The coronavirus, which originated in the Chinese city of Wuhan, has sent China and surrounding regions in to chaos during the Chinese Lunar New Year – typically one of the busiest events on the calendar for casino establishments.

However, due to the restricted measures and fear of contracting the disease, visitors to the Asian gambling capital of Macau are down almost seventy percent compared with the same period last year.

It is reported that, according to recent observations by an equity research analyst; residents in China and Macau are looking elsewhere to play casino games including engaging in illegal online gambling and the Philippines.

In light of the crisis and decline in both casino corporation share prices and visitor numbers, the analyst said:

“Daily online gambling is up 90% over the Lunar New Year holiday compared to last year. That’s an unbelievable number, and it raises the issue of should land-based operators be converging around the world with online operators. That’s really the growing trend.”
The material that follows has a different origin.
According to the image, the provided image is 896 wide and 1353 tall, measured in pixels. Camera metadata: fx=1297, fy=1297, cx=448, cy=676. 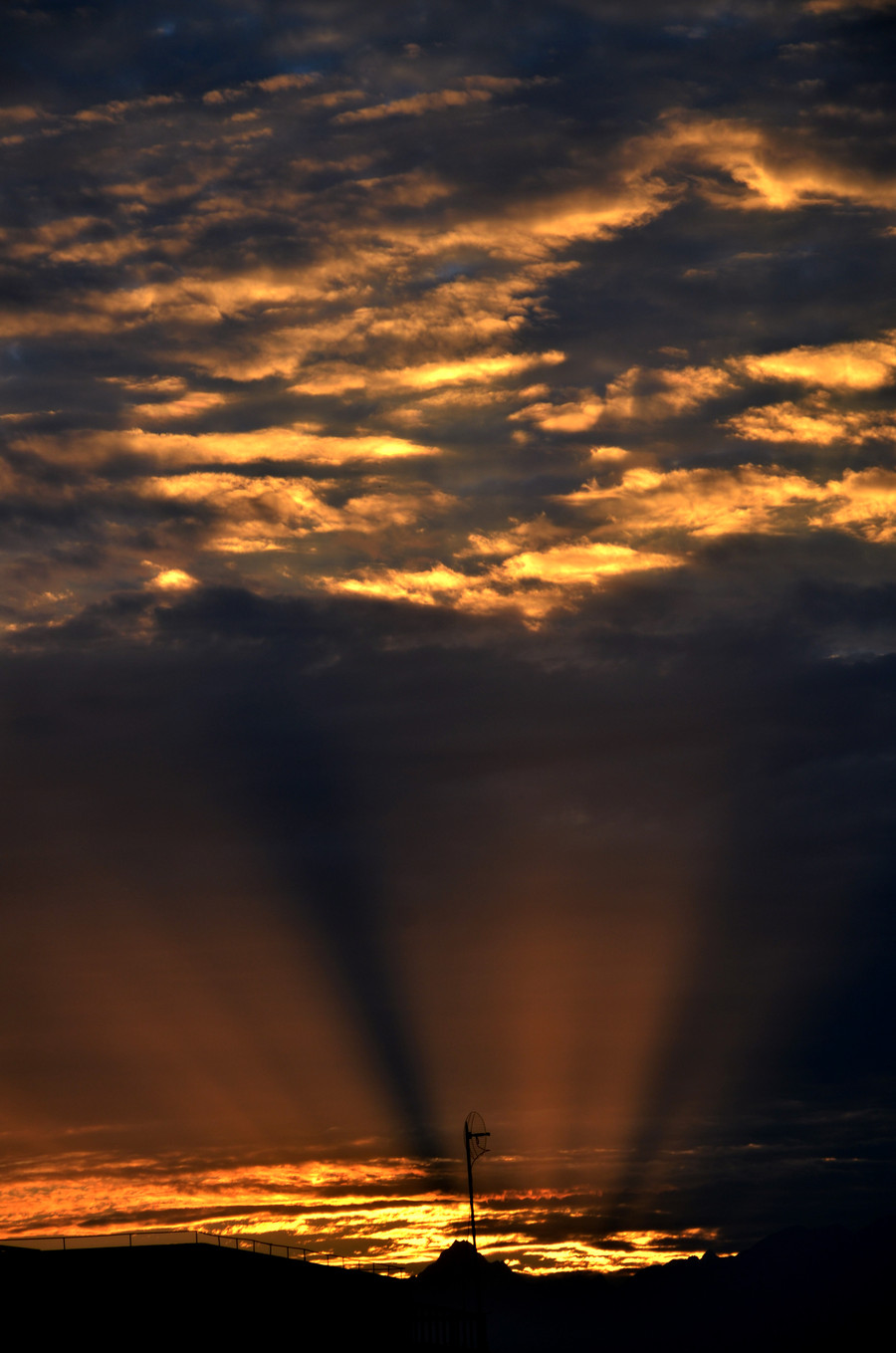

Ader continued to expand on his comments:

“The online operators and Philippines licensees are picking up most of these players. I think it’s a wake-up call, not just in Asia but in the U.S.”

Analyst Jason Ader is a former board member of Las Vegas Sands Corporation, which operates more than five establishments through its subsidiary ‘Sands China’ in Macau including Sands Cotai Central and The Parisian Macao.

Ader added:

“In Asia all this is lost business and tax revenue. Legalize it, tax it, allow the Macau licensees to participate”.

Reportedly, there has now been a total of seven confirmed cases of coronavirus in the Chinese special administrative region.

With numbers of visitors and casino goers at worrying levels, Jason Ader said:

“We’re right at the precipice of where they wonder if it is worth staying open. But the mentality in the casino industry is 24/7 you stay open, the goal of operators is to stay open.”